概要
- ここ1週間で ビットコイン の価格が約9%下落し、今年の上昇分をすべて失ったと伝えた。
- Fed の利下げシグナルと堅調な 米国の雇用指標 が食い違い、暗号資産市場の方向性が不確実だと述べた。
- クリプト分析企業はウォール街の ETF 資金を中心とした売りと明確な底打ちシグナルの不在により、中期的に 弱気の流れ が続いていると伝えた。
クリプトナウ
"明確な底打ちのシグナルは捉えられていない"

米国の堅調な雇用指標の発表後、弱含みの動きを見せていたビットコインは、米国中央銀行(Fed)の相反する政策シグナルの中で変動性が高まっている。
23日、CoinMarketCapによるとビットコイン価格はここ1週間で約9%下落した。今月に入り心理的支持線である10万ドルを割ってから下落が加速し、今年の上昇分をすべて吐き出した。現在は8万5000ドル付近で取引されている。
暗号資産市場は利下げ見通しをめぐるシグナルが分かれて明確な方向性を示せていない。短期的には一部下落幅を取り戻す動きも見られるが、トレンド転換の可能性は依然不透明だと評価されている。

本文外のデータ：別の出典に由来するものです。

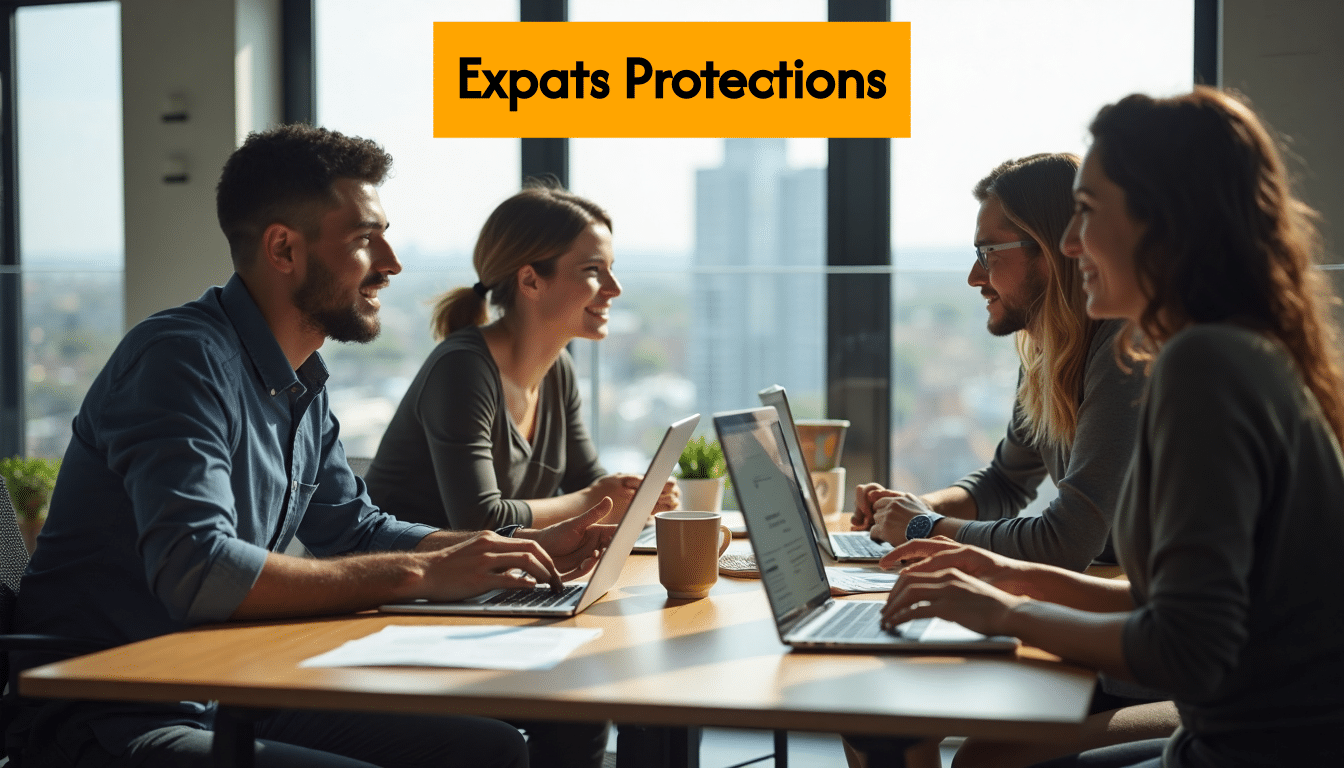 Expats and Dutch colleagues collaborating in office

21日、ニューヨーク連邦準備銀行の総裁ジョン・ウィリアムズはチリ中央銀行が主催するイベントで "Fedは短期的に利下げに踏み切る余地がある。現在の金融政策はやや引き締め的であり、労働市場も緩和している" と発言し、利下げ期待を刺激した。実際にこの発言直後、12月の利下げ確率は30%台から70%程度へ急騰した。8万2000ドル付近で取引されていたビットコインは8万4000ドルまで反発した。
一方、20日に発表された雇用指標はFedの利下げ期待を制約する要因となった。米国の9月の新規雇用は11万9000人増と堅調な推移を示し、時間当たり賃金上昇率も3.8%で予想を上回った。
最近の下落局面の売り主体がいわゆる『ウォール街の鯨』だという分析もある。暗号資産分析会社10Xリサーチは "上場投資信託(ETF)資金を中心にウォール街がリスク管理の観点からポジション縮小に動いている" とし、"事実上強制清算に近い売りも確認される" と述べた。
ケイティ・ストックトン、フェアリード・ストラテジーズ創業者は "最近の調整幅はかなり大きいが、明確な底打ちのシグナルは捉えられていない" と述べ、"中期的には弱気の流れだが長期のトレンドは維持されている" と語った。